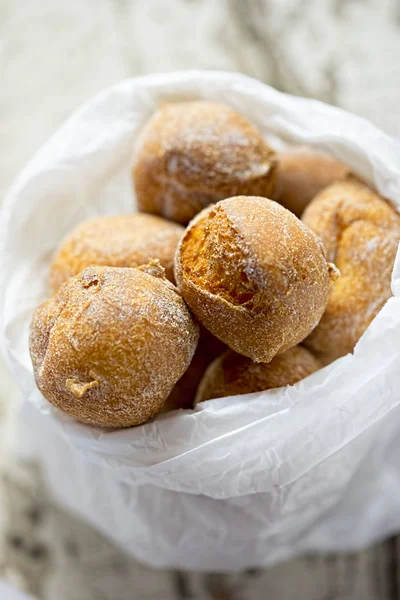 Mini doughnuts in paper bag — Stock Photo, Image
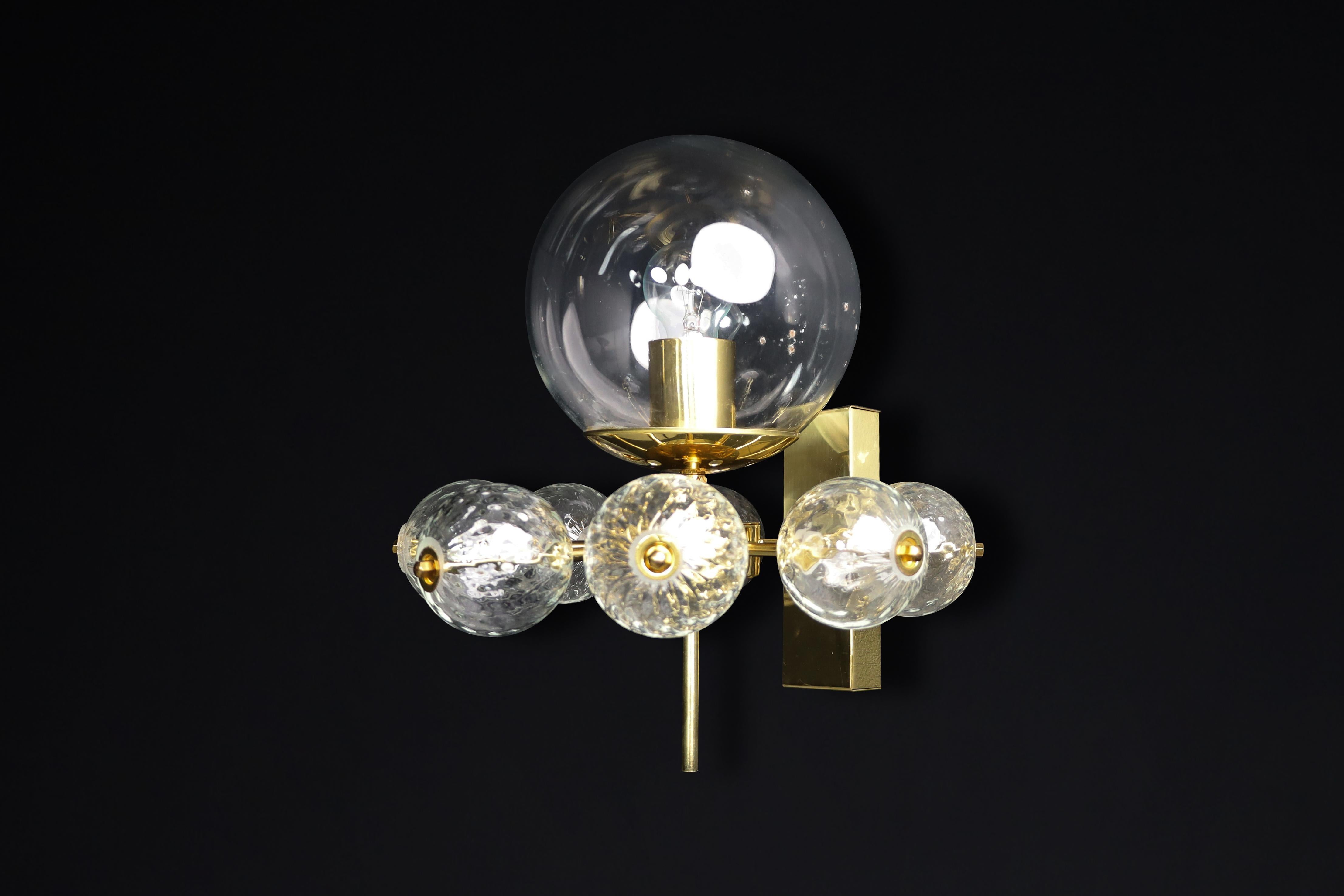 Mid-Century Wall Lights with Brass Fixture and Hand-Blown Glass Globes by Preciosa, Czechia, 1960

This stunning Mid-Century wall light features a brass fixture designed and produced by the renowned Preciosa Factory in Czechia. It includes a large,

## WORK REQUIRED
Each line above must be set down exactly, though no picture should be carried over.

## ANSWER SPACE
 Mini doughnuts in paper bag — Stock Photo, Image
 Mid-Century Wall Lights with Brass Fixture and Hand-Blown Glass Globes by Preciosa, Czechia, 1960

This stunning Mid-Century wall light features a brass fixture designed and produced by the renowned Preciosa Factory in Czechia. It includes a large,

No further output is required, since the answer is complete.